CUNY bans professors from calling students ‘Mr. or Ms.’ for fear of being offensive

Who knew being polite could actually be against school policy?

The Graduate Center at the City University of New York will no longer allow professors or administrators to use courtesy titles like “Mr.” and “Ms.” in official, written communication to students and prospective students in the interests of gender inclusivity, the Wall Street Journal reported.

In a Jan. 16 memo to Graduate Center faculty, interim Provost Louise Lennihan wrote that the new policy was part of the school’s “ongoing effort to ensure a respectful, welcoming and gender-inclusive learning environment … and to accommodate properly the diverse population of current and prospective students.”

The Graduate Center told The Huffington Post that the memo was actually aimed at advising faculty about the school’s new preferred-name policy, which allows students to go by a moniker other than their legal name on certain university documents.

But the memo said that the policy should be “interpreted as broadly as possible,” WSJ reported, causing some faculty members to fear that they are being told what they can and cannot say.

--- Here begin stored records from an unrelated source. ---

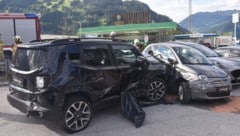 Ungebremst in geparkte Fahrzeuge eines Autohauses krachte ein deutscher Autolenker.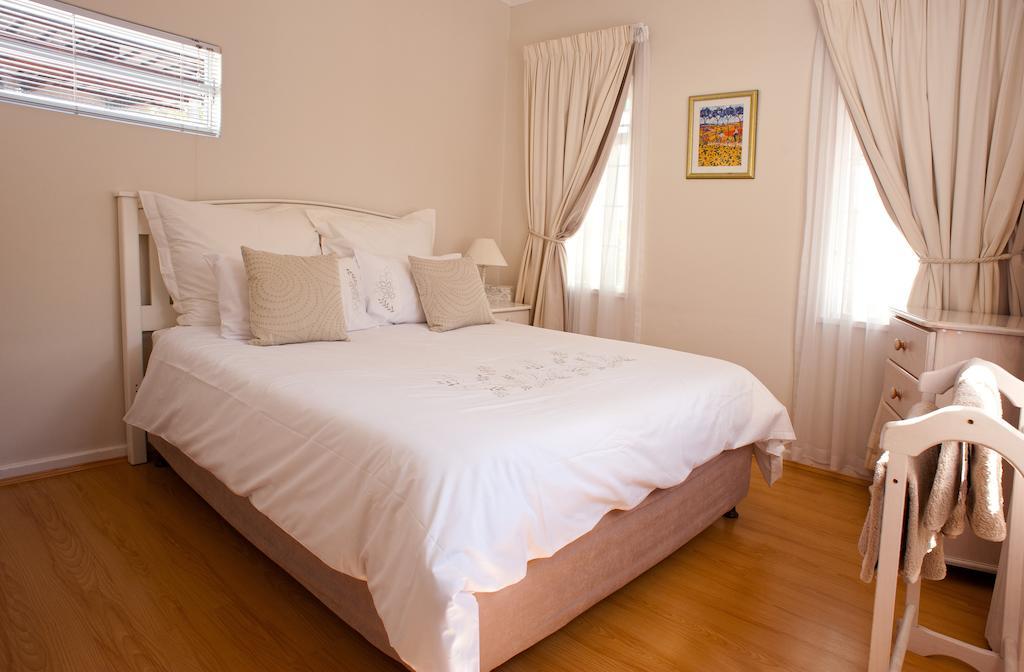 Squirrels Way Cottages Кейптаун Стая снимка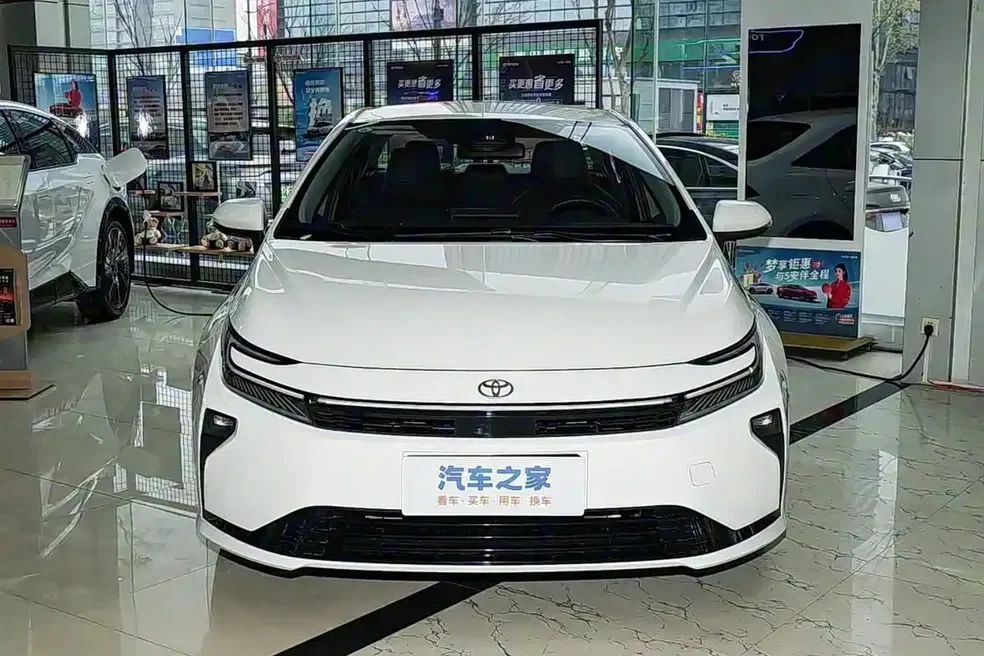 Vista frontal estática do novo Toyota Corolla 2026.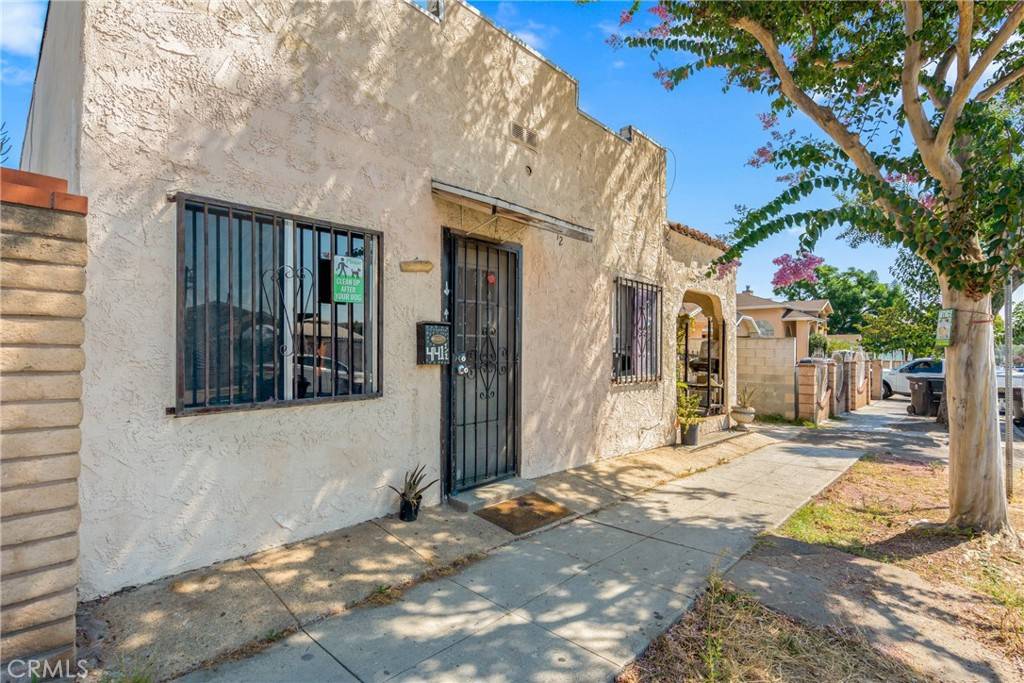 Los Angeles, CA 90063,4141 Floral DR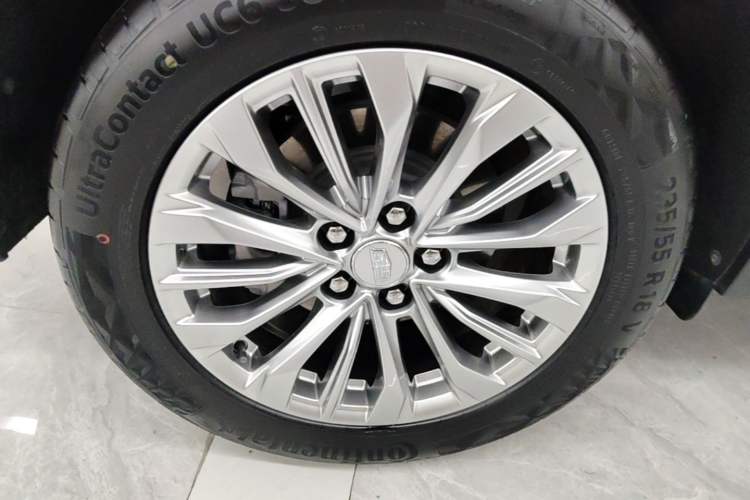 Used Cadillac XT4 2024 28T Two-Wheel-Drive Luxury Version Right Rear Wheel Hub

“My interpretation was that I was being asked to adhere to this policy, as were the other professors who received the letter,” Juliette Blevins, a linguistics professor at the school, said.

CUNY spokesperson Tanya Domi said that the memo and initiative was a part of the way the school was  “working within a regulatory framework to comply with Title IX legal principles,” which forbid discrimination based on sex at any institution receiving federal funding.

But attorney and Title IX consultant Saundra Schuster told WSJ that this isn’t necessary to meet the law’s standards.

“They are not mandated to do this,” she said.

It seems this might just be another case of political correctness gone too far.